Captioned web images

· · · ·

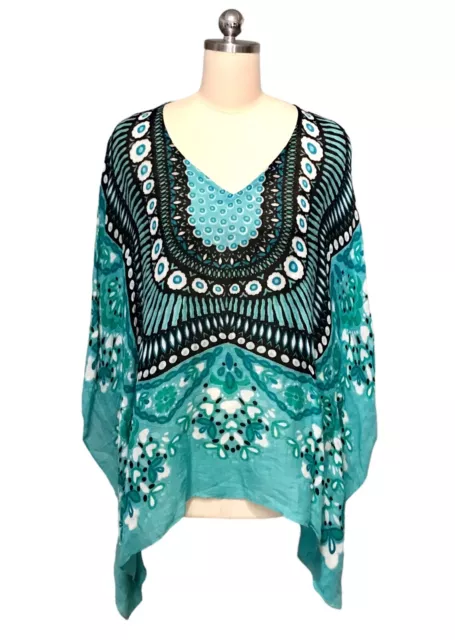 Theodora & Callum Caftan Tunic Top Linen Blend Turquoise Geo Print Women’s Sz OS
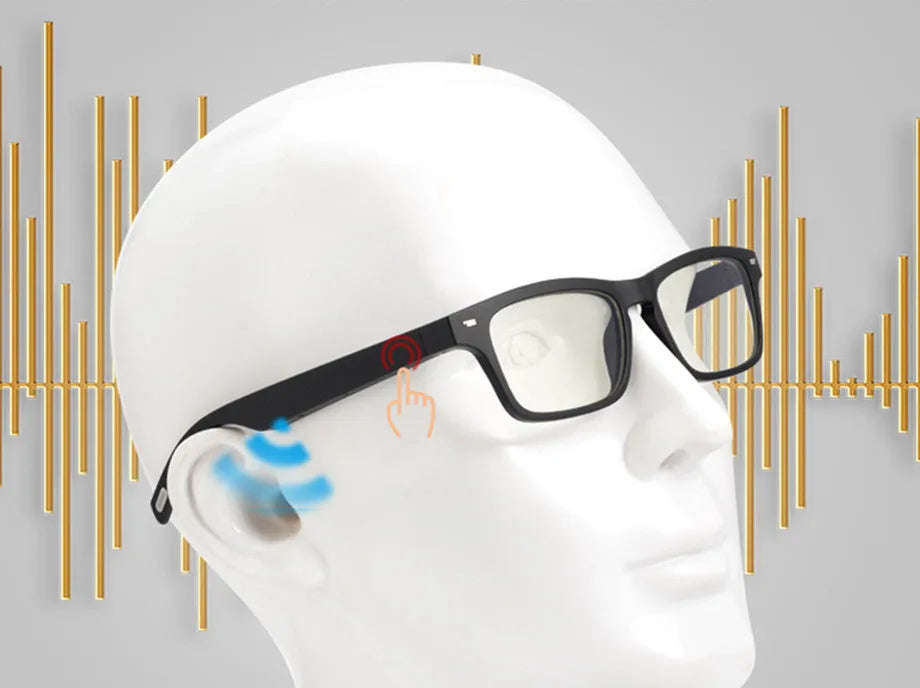 Smart sunglasses with black frame, polarised lenses, and built-in Bluetooth speakers in the temples.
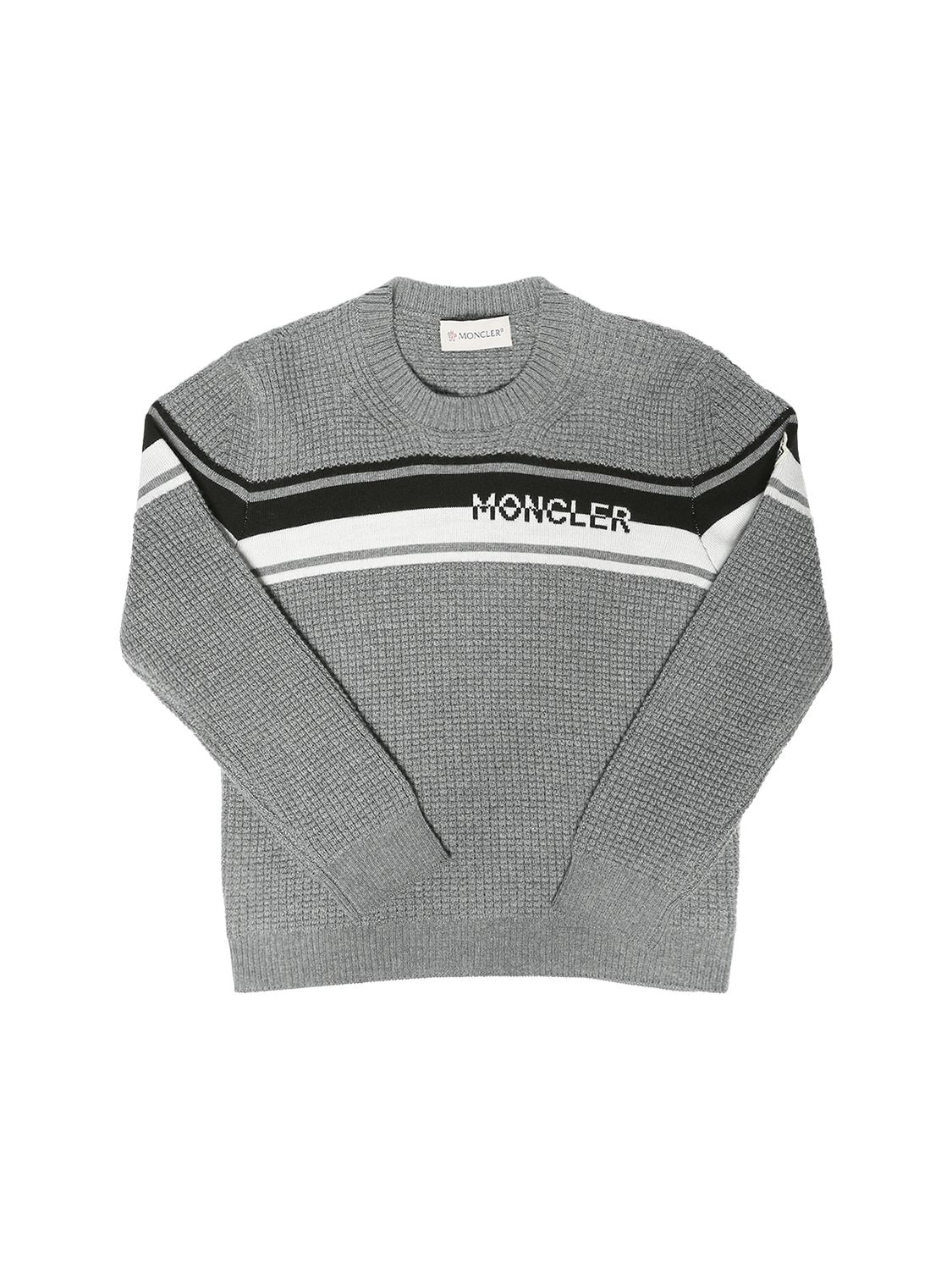 Hilarisch bureau modus Moncler Kids' Tricot Wool Knit Sweater W/ Logo In Grigio | ModeSens
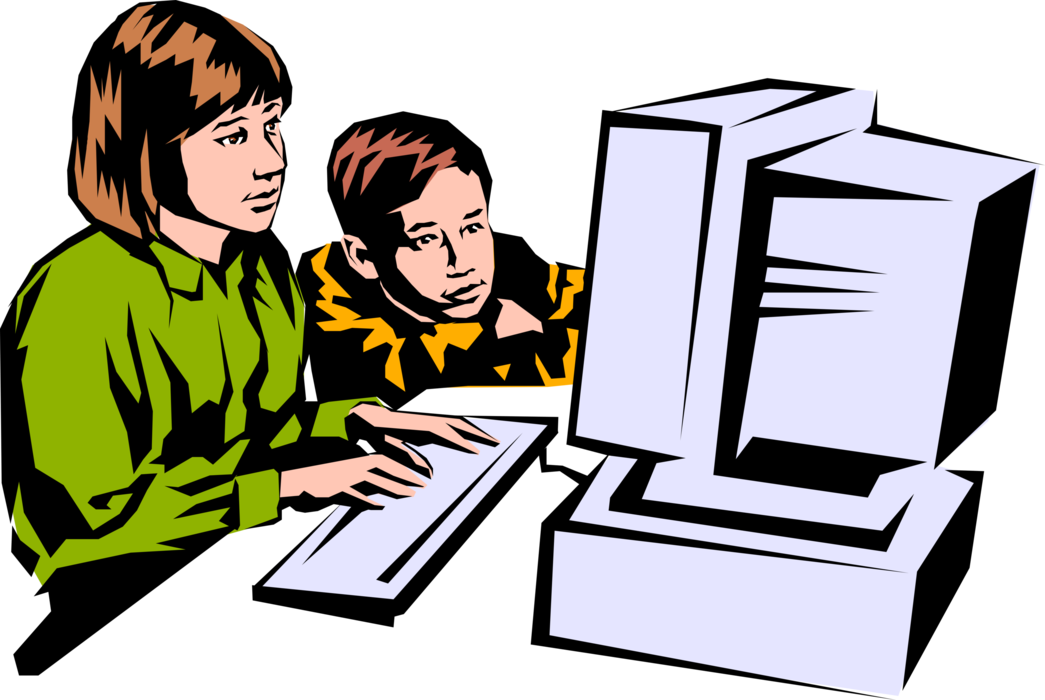 Vector Illustration of Students in School Classroom Working at Computer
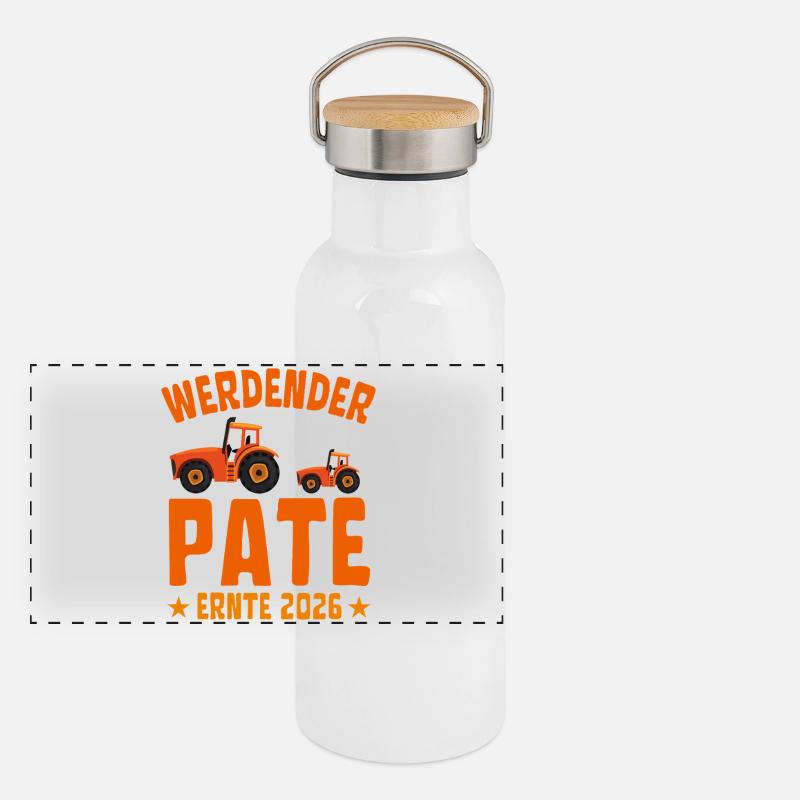 Sponsor-to-be Harvest 2026 - Panoramic Thermal Bottle with Bamboo Lid - white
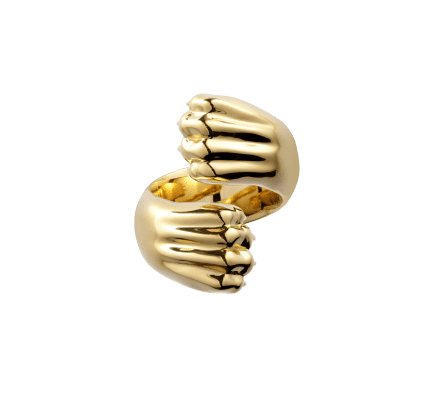 christofle sterling-silver gilded 24 carats cross ring 1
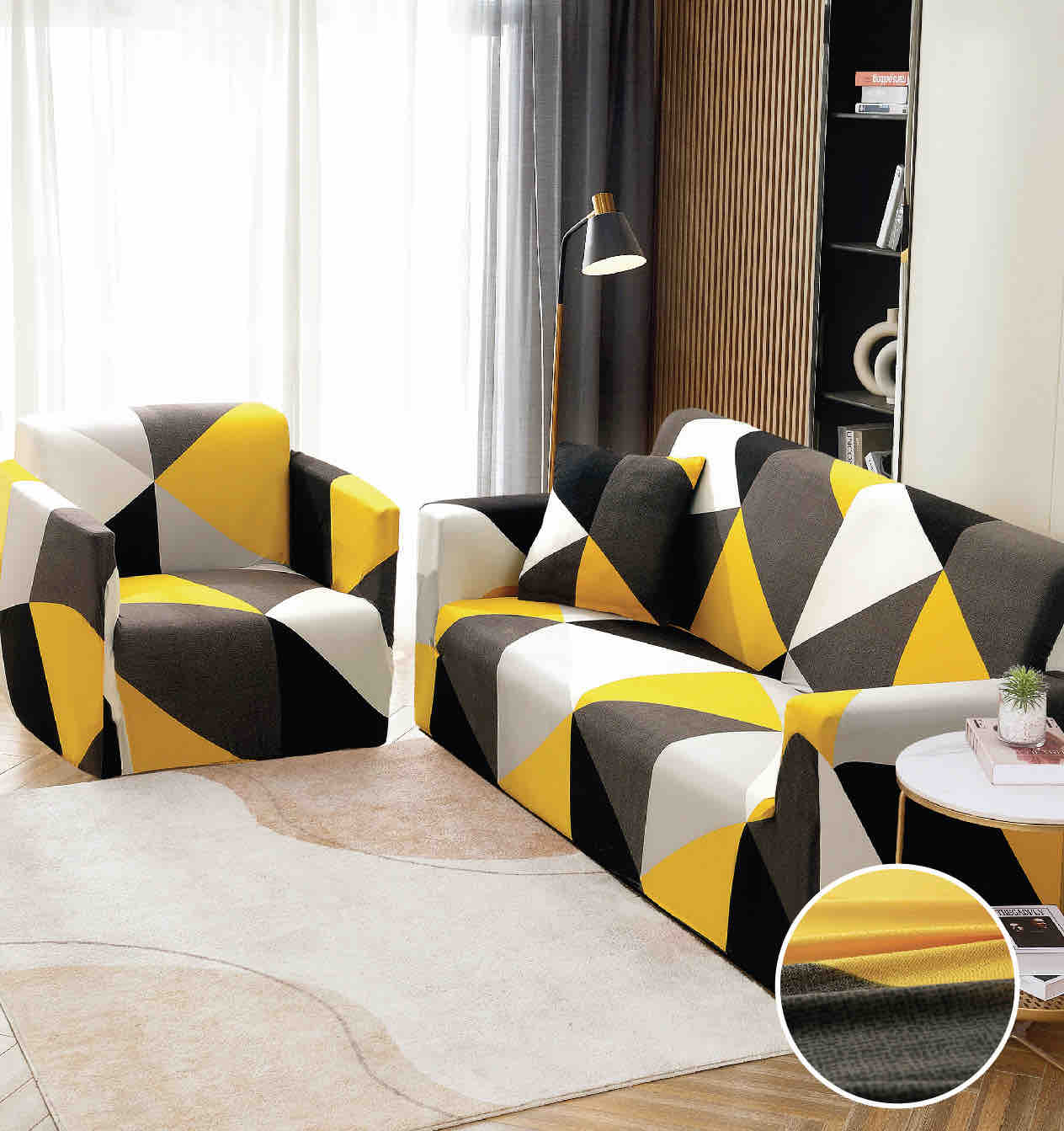Husa Elastica Pentru Canapea 2 Locuri - M - Jojo Home, Galben-Gri, forme geometrice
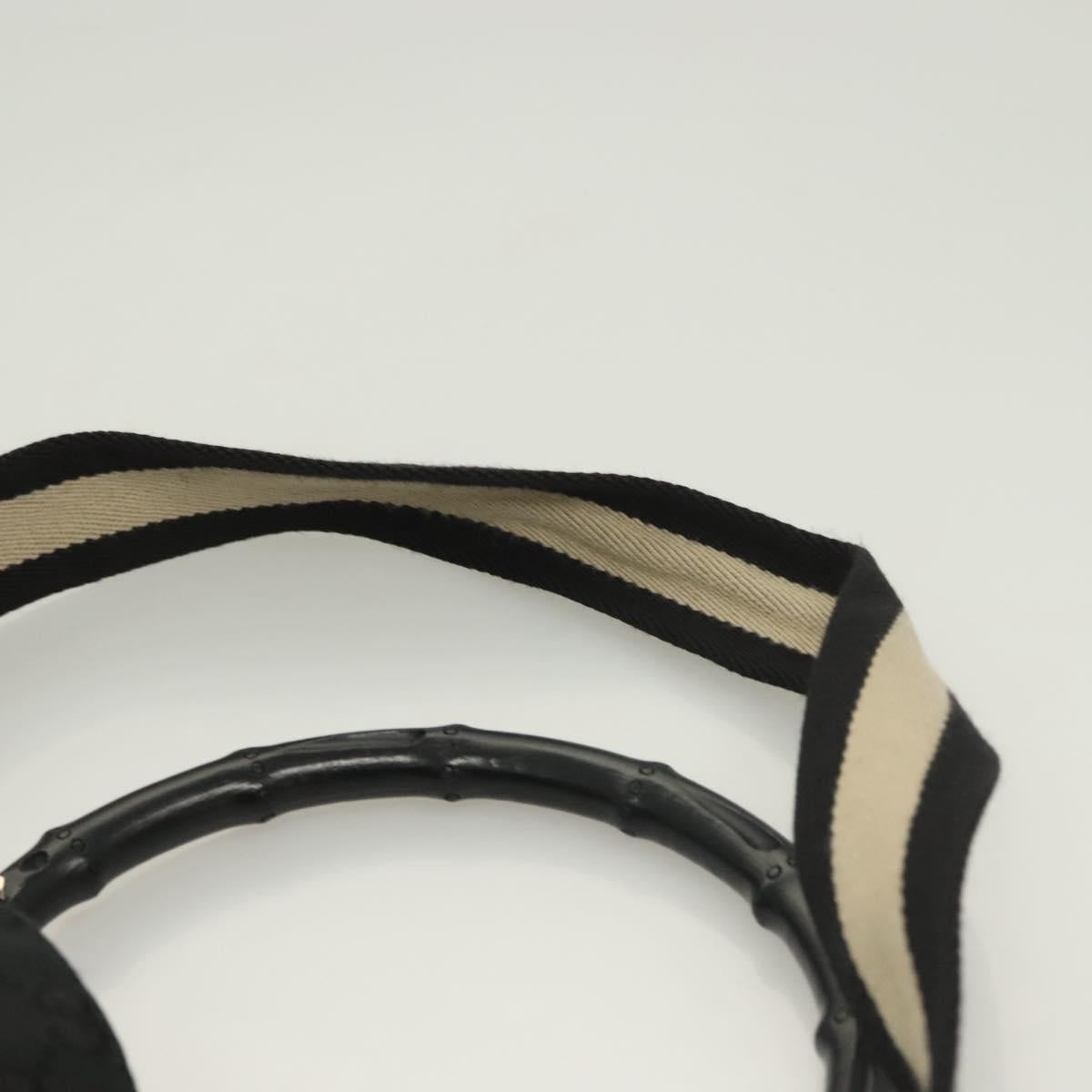 GUCCI GG Canvas Bamboo Hand Bag 2way Black Silver 001 4095 Auth gh297
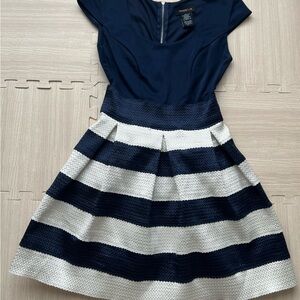 Teeze Me Navy and White Striped Midi Dress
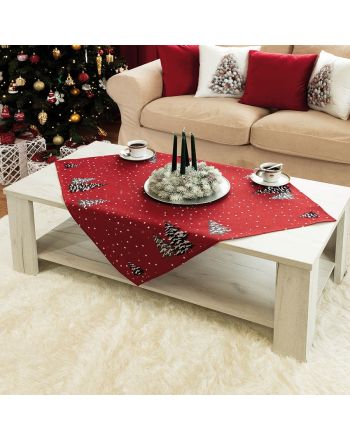 Serweta  w kolorze czerwonym z ozdobnym świątecznym haftem, rozmiar 85x85 cm, Śnieżna magia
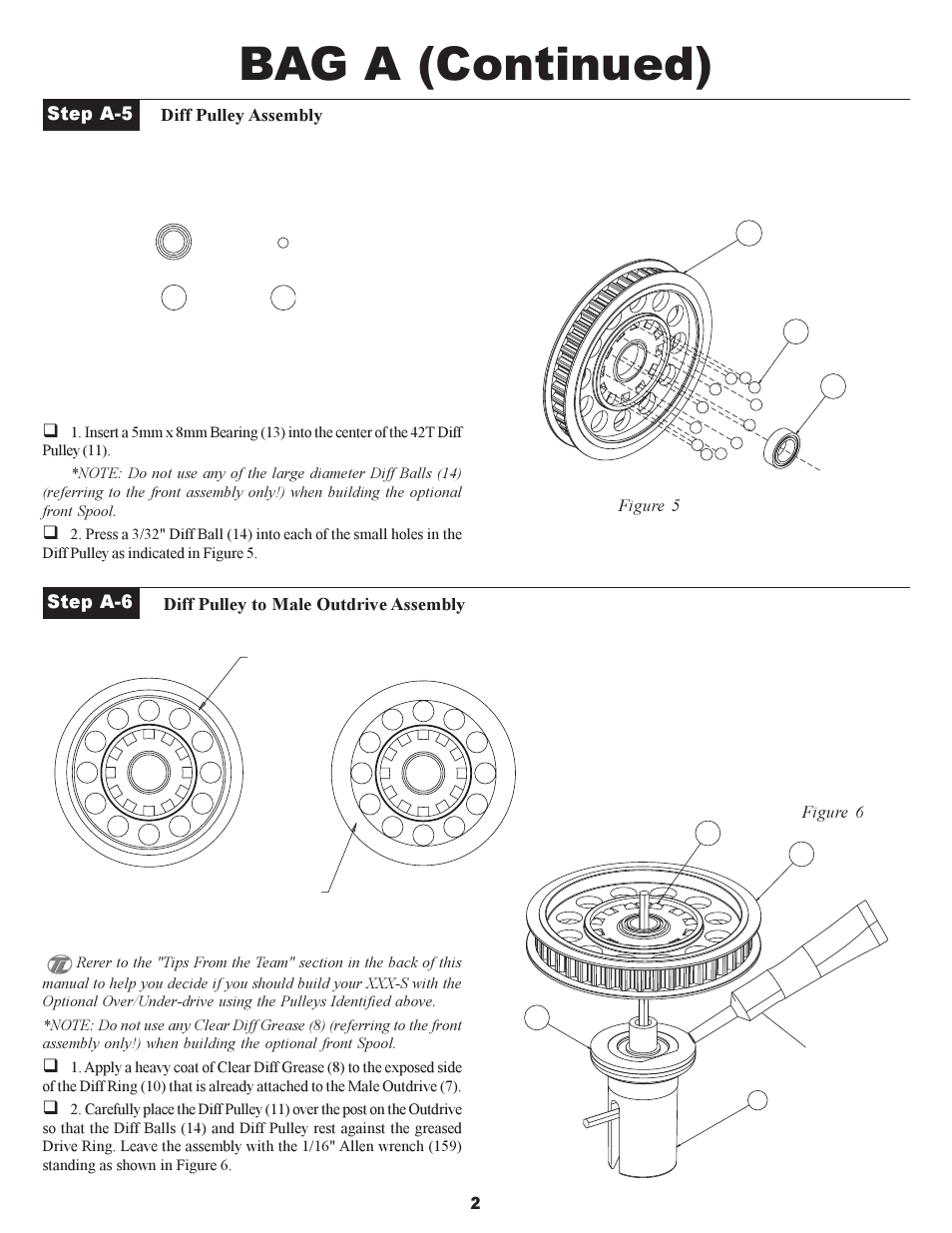 Bag a (continued) | Losi XXX-S Sport User Manual | Page 5 / 40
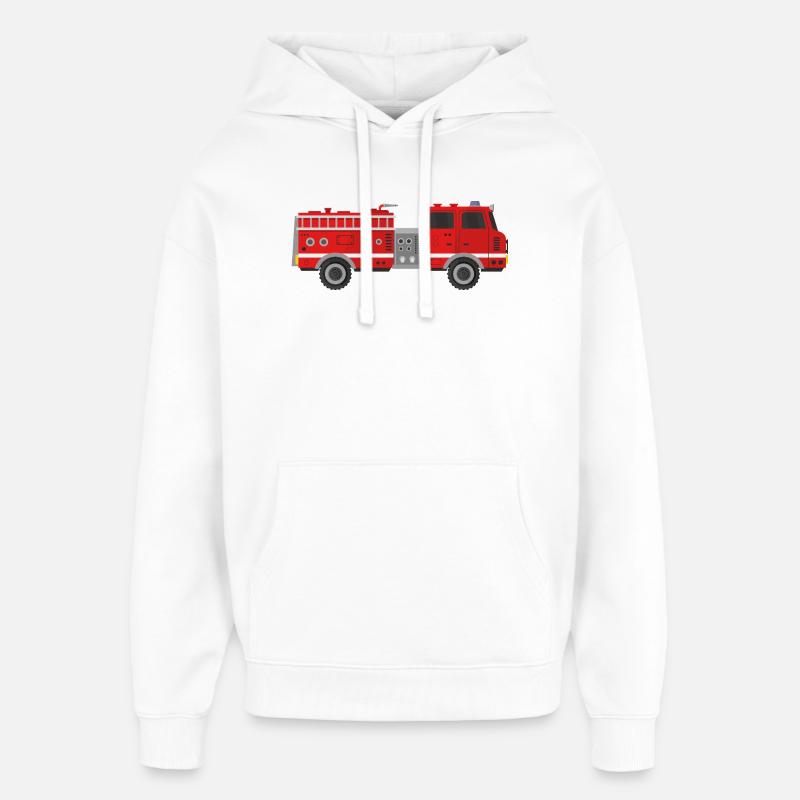 Camion de pompiers - Sweat à capuche unisexe Stanley/Stella Oversized - blanc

· · · ·

# What needs to be done:
Your reply should hold only the lines running from the one with "Teeze Me Navy and White Striped Midi Dress" to the end of the data above, set down exactly, pictures omitted.

# Written answer:
 Teeze Me Navy and White Striped Midi Dress
 Serweta  w kolorze czerwonym z ozdobnym świątecznym haftem, rozmiar 85x85 cm, Śnieżna magia
 Bag a (continued) | Losi XXX-S Sport User Manual | Page 5 / 40
 Camion de pompiers - Sweat à capuche unisexe Stanley/Stella Oversized - blanc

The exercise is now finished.